All the range stuff happens behind the scenes (although you may get a function called with thousands of args... I wonder how well Python handles that).

You can check it at the google code project (Use the SVN).

2007-05-23 18:31

The python spreadsheet: Another look (Traxter DSL)

I apologize in advance for any ugly amateurism in this post. It's my first attempt at a domain specific language :-)

Yesterday I posted about using PyCells to write a spreadsheet in Python.

Sadly, I can't figure out the problem with my code, and the PyCells mailing list seems to be pretty much dead.

So, I started thinking... what other ways are to achieve my goal?
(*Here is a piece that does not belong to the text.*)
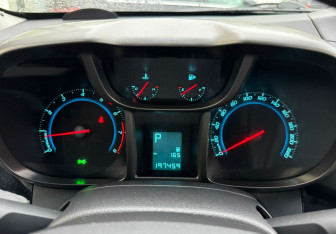 Подержанный автомобиль Chevrolet Orlando 2012 года (13 фото)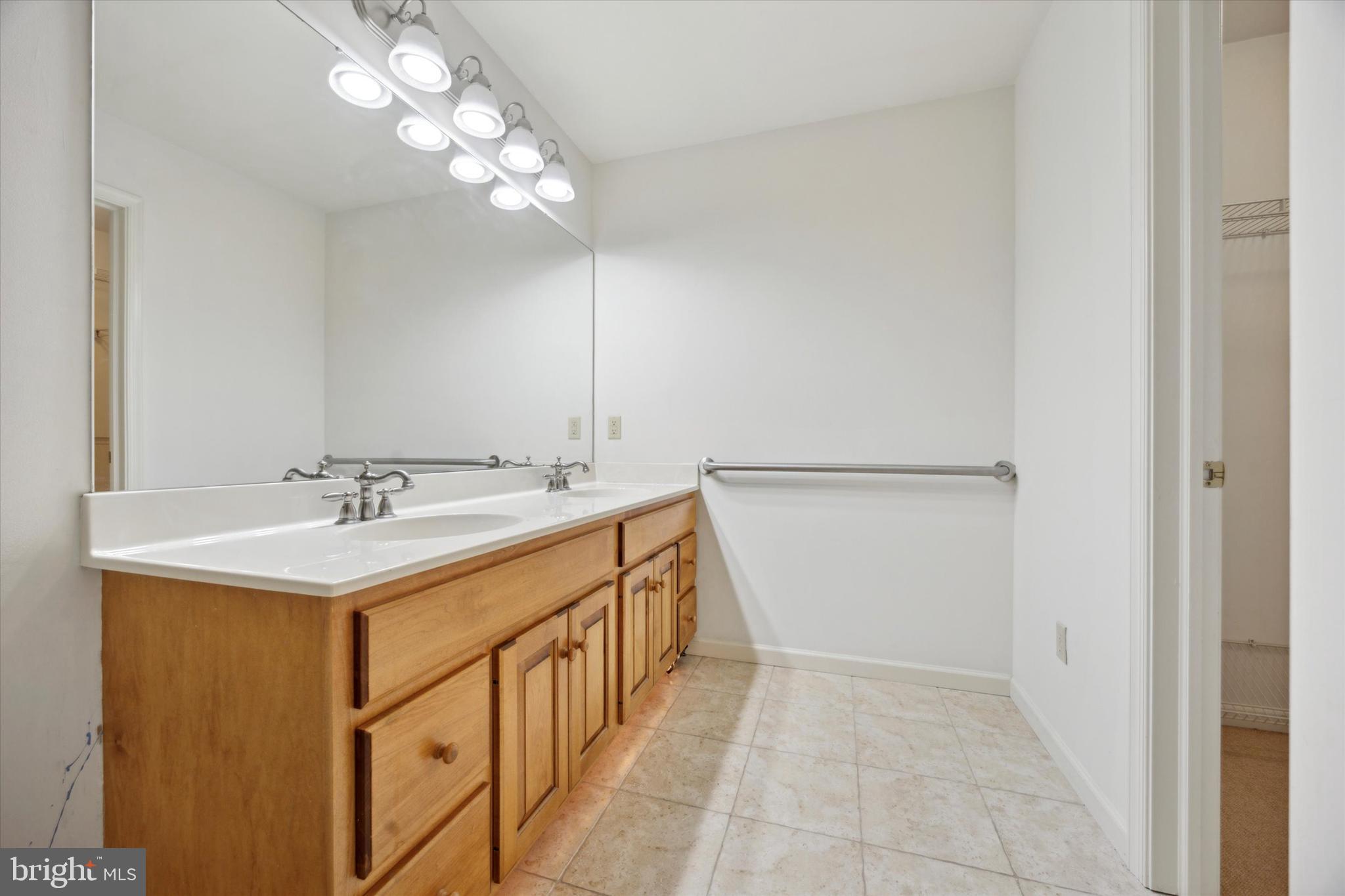 100 Dengler Drive Elverson, PA 19520 - Photo 14 of 39 First Floor En-Suite Bathroom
And decided to go medieval on this problem.

By that I mean that I will do it the most traditional way possible... with a twist.

The traditional way is, of course, to write one or more of lexer/parser/interpreter/compiler for the formula language.

Mind you, I don't intend to do anything complete, much less Excel-compatible (see Excel formula parsers are hell in this same blog.

So, let's start with a toy language, supporting the following:

  • Assignment to a variable
  • Classic 4-op arithmetics.
  • Function calls
  • Cell ranges

That's enough for a toy spreadsheet, and it should be easy to extend.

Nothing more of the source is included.